La guerra contra las drogas ha tenido consecuencias nefastas para la sociedad: retroceso de las libertades y los derechos civiles, militarización de los cuerpos del orden, creación de altos niveles de delincuencia, conversión de zonas urbanas en campos de batalla. Como las drogas están prohibidas, su precio se ha disparado y los adictos deben delinquir para conseguir el dinero necesario para satisfacer su vicio. Al mismo tiempo, las grandes ganancias del negocio del narcotráfico atraen constantemente a aventureros decididos a convertirse en distribuidores y vendedores para disfrutar de un nivel de vida opulento. Estos aventureros viven en mansiones suntuosas, manejan automóviles de lujo, se visten con costosos atuendos. Corrompen a funcionarios, empresarios y banqueros de las ciudades donde se asientan, como Miami, y distorsionan los precios en mercados como el de bienes raíces.

Más datos sobre la demencia de la guerra: el sistema carcelario de los Estados Unidos cuesta 40.000 millones de dólares. De esa cifra, más de la mitad, 24.000 millones, corresponde a los condenados por delitos sin violencia, que suman 1,2 millones de presos. La cantidad de reclusos por delitos relacionados con las drogas es de más de 450.000. En 1980, ése era el total de la población penal en los Estados Unidos. El gobierno gasta cada año unos $35.000 millones en la batalla contra las drogas, de los cuales las tres cuartas partes se usan para arrestar y castigar a vendedores y consumidores. Resulta curioso que el mismo gobierno que mide hasta el último centavo los presupuestos de asistencia social, atención médica y educación, sea tan derrochador en las prisiones.

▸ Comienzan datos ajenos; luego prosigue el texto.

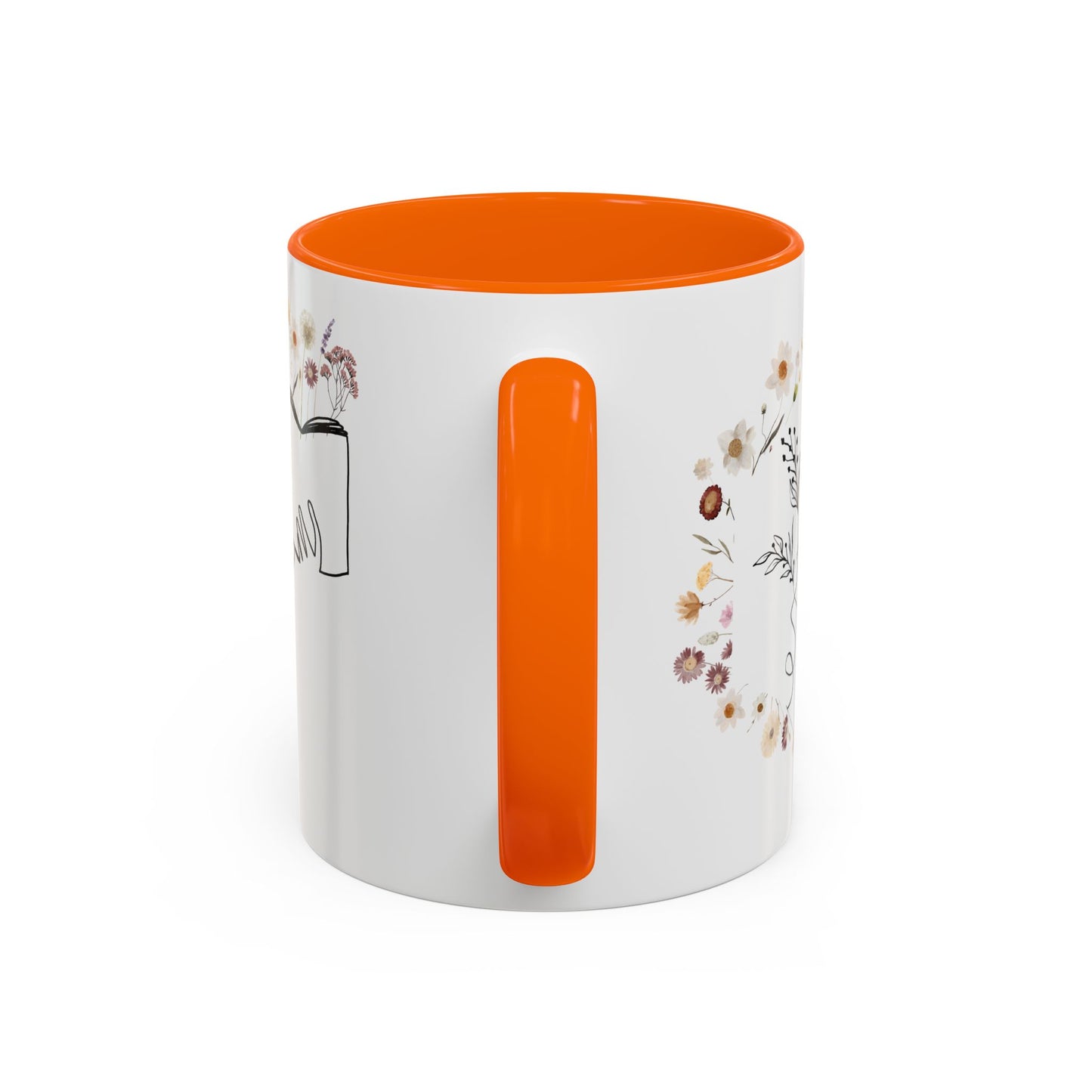 Floral Design Coffee Mug, Cozy Gift for Readers, Cute Decor for Home, Perfect for Coffee Lovers, Unique Kitchen Accessories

Pero incluso ese derroche es ineficaz y está mal dirigido. La acusación contra el 40% de los detenidos por delitos de drogas es posesión de marihuana; menos del 20% son arrestados por la fabricación o la venta de drogas más fuertes, como la cocaína o la heroína. Muchos reos reciben condenas de cinco o diez años de cárcel por posesión de unos pocos gramos de drogas. La dureza de las sentencias se remonta a 1986, cuando el Congreso aprobó la imposición de castigos más severos por política electorera y -según varios observadores- por desconocimiento del sistema métrico decimal.

La prohibición da lugar a la proliferación de negocios ilícitos, genera violencia, aumenta desproporcionadamente la cantidad de presos, separa familias. La legalización pondría punto final al apogeo de las mafias y reduciría notablemente la delincuencia. Ni la hija de Jeb Bush ni medio millón de personas más deberían ir a la cárcel por una adicción. Su lugar está en el hospital o en el centro de tratamiento, no en la mazmorra. Pero el gobierno no parece comprender las ventajas de la despenalización. Quizá le resulte más difícil que entender la conveniencia de pesar en gramos y no en onzas.

Andrés Hernández Alende es escritor y periodista cubano.